Keeping with the bins, I’m pretty sure I caught M101 over in Ursa Major, even though the constellation was low and a little caught in the lights of Bishop’s Castle about fifteen miles away. I’ve seen this quite evasive Messier galaxy easily with the 10X50’s when the constellation is higher.
I wonder if anyone at our latitude has ever had a practical observation session without stopping at the Perseus Double Cluster? I know I haven’t. And tonight, they were simply stunning. Perhaps I’d been fortunate to look at them through a pocket of suddenly steady air, but it made me exclaim “wow!”. You know, one of those moments where you think to yourself ‘this is what it’s all about’. I had a similar reaction the last time I saw this through the 10” mirror at our society’s star-camp last April. A true show-piece of the northern sky.

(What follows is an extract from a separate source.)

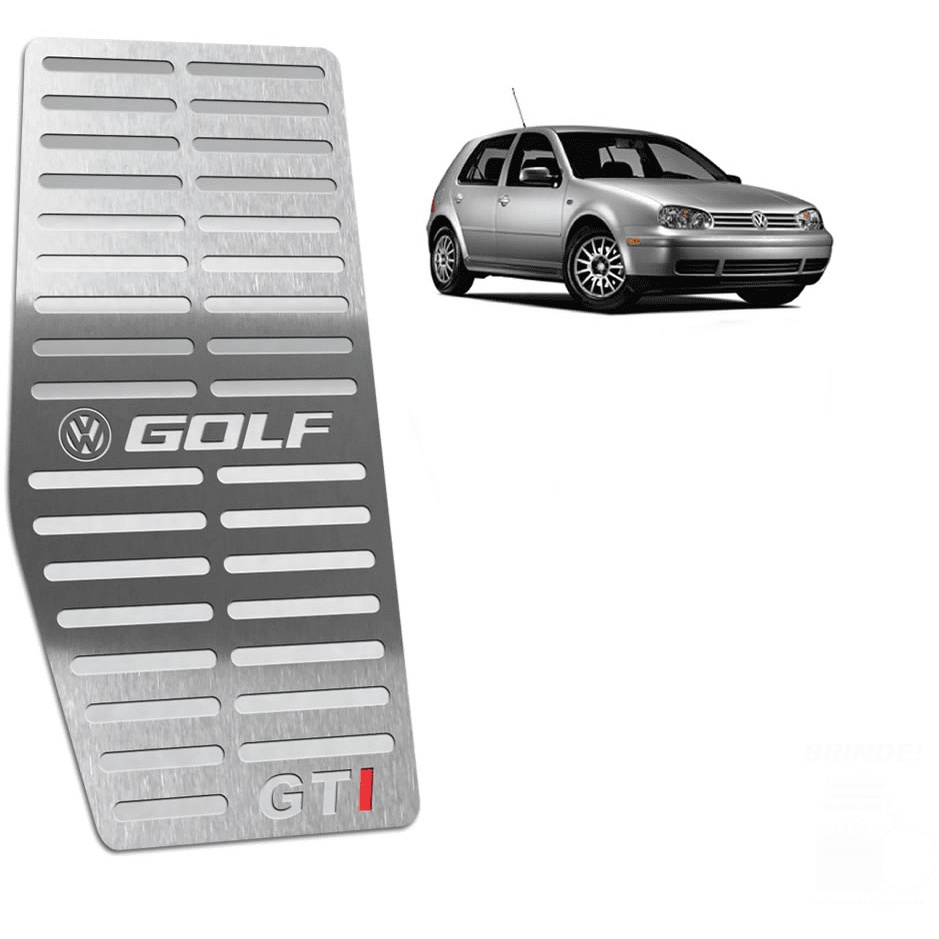 Descanso de Pé Golf Gti 99/09 - Aço Inox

I have unfinished business with emission nebula NGC7023 (Caldwell 4) in Cephus. I thought I’d found it last year but when writing up my notes after, there were discrepancies. So it isn’t ticked off, (I’m such an honest observer!). But tonight wasn’t the night to go chasing fainter emission nebulas, the moon would soon be up, and patches of the sky were disappearing behind clouds, and if I’m honest, I never seem to be able to recognise Cephus easily anyway. It’s like it’s there, then it’s gone again. I toyed with the idea of looking for it, but I should have done more map research earlier in the day. Instead, I went for the easy option and toured open clusters of Cassiopeia. The triangle of M103 being a particular favourite.  
Clouds rolled in again, but with the sky towards the south still clear, I went on a whistle-stop tour of globular clusters. M13, M92 in Hercules, and M15 (which I think of as in Delphinus, but it’s actually in Andromeda). I really enjoyed comparing the three, and I like James O’Meara’s description of M15 ‘suddenly getting brighter’ at the center. It really does. It’s almost like a fried egg, with a small, bright yolk in the centre. Later that evening, I kicked myself for not visiting a fourth globular, M56, en route. Heck, I’d looked at the Ring Nebula, which is virtually next door.
Jupiter was playing hide and seek behind clouds most of the evening, but even through the 28mm eyepiece I could see the north and south equatorial belts easily. All four observable moons could be seen. Had the weather been kinder, I’d have spent time consulting maps to find which star was actually Neptune, to the right of Jupiter. But it was pretty windy and getting cold.
Saturn was less successful, and somehow, I couldn’t quite get a well-defined view of it tonight. It could have been my eyes, which were watering with the wind which was getting sharper.
The Pleiades made an appearance just before the Moon rose, and a very welcome sight it was, especially through the 10×50 Opticroms. I also spent some time with the Perseus open cluster, (Alpha Persei Cluster/Mellote 20) which I’ll always argue is a great overlooked binocular object. Later I also took in the Hyades through the bins, which meant I’d enjoyed a very pleasant trio of close open clusters, (later the Moon was too close to the Beehive (M44) for it to be a desirable bino target). 
It was just after 9pm when the ¾ Moon started rising behind the trees, and the milky way suddenly disappeared. This signalled an end to my deep sky tour of the ‘greatest hits of October’, but I did enjoy seeing the constellations of Taurus, Orion, Gemini, and even Leo for the first time in months, and although my observing time was only about an hour in total, I was really pleased to have re-visited so many old favourites after a shameful five-month fallow period.